4 Replies to “Treaty/Settler Education”

  1. Hi Jen! I really appreciate your quote from Cynthia Chambers about living differently than our ancestors. I know sometimes we find it difficult to see our ancestors’ selfishness. Those of us who come from settler backgrounds, myself included, can get caught thinking that our ancestors were justified in coming over because of the injustices and oppression they were also experiencing in their native lands. We also like to think that they were none the wiser of the Indigenous peoples, but logically, that cannot be true either unless it was intentional ignorance. Where our ancestors failed, it is now up to us to mend the relationships that have been ignored for generations, and as Chambers said, we need to live better. Thanks for sharing!

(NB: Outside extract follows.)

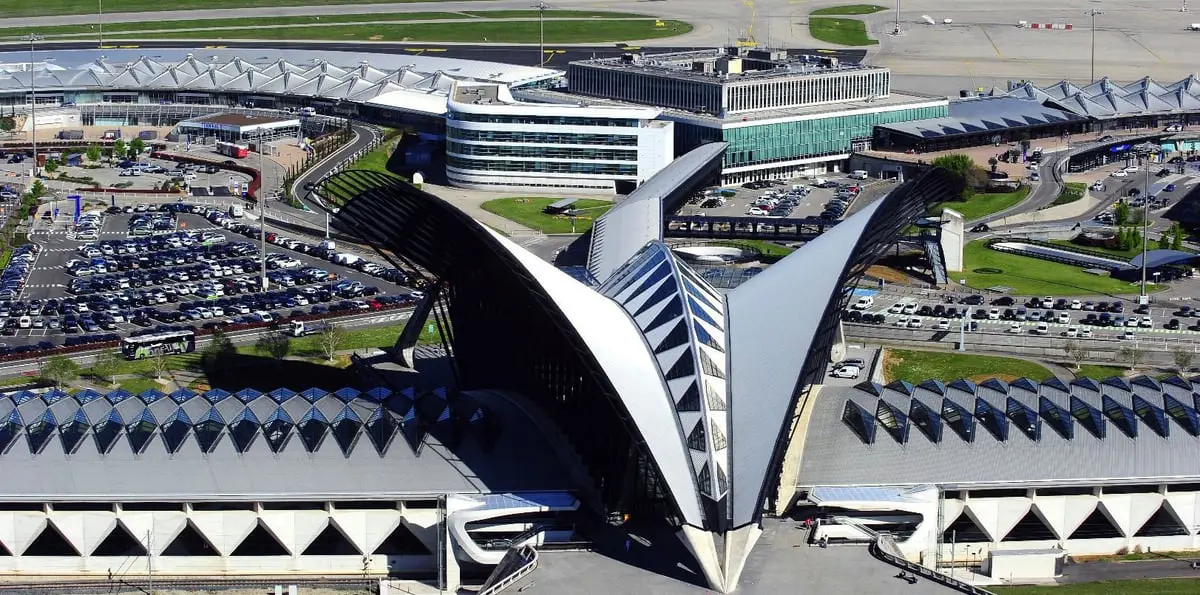 الشرطة الفرنسية تعتقل رجلًا اقتحم بسيارته مدرج مطار ليون (فيديو)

    1. Thank-you for your comment. It is really interesting and sobering to look at the injustices and oppression that are happening now as result of our ancestors immigrating here and not taking notice of whose land, life and culture were being destroyed as a result. It definitely pushes me to ask more questions and strive to live better.

  2. Jennifer

    Thank you for your thoughts on this topic, such an important conversation. Im curious how you would approach push back when teaching Treaty Ed and ways you envision authentically engaging with your classes. Something I am constantly considering myself.

    1. Riley,

      Thank-you for your comment. I would be clear that Treaty Education is mandated by the government and it is a vital part of our Canadian history. I would then work as hard as I could in helping the students see that it is relevant to their daily lives. This class has really emphasized that for me, in a very healthy way. Ways that I would try to help the students (and hopefully the staff) see the relevance is speaking about promises and commitments made to ourselves and the expectations that come from that. I would connect promises to treaties and the commitments on both sides. I would also incorporate learning about the land and the value it had and still has for the Indigenous people of Canada and how we have all benefited from use of the land that was not originally ours. Another topic that I would bring forward would the value of perspectives and seeing the whole picture, instead of just a piece.
      Hopefully in all of this students and other staff would engage and we could discover more together. Everyone might not, but hopefully most would at least have some new understandings.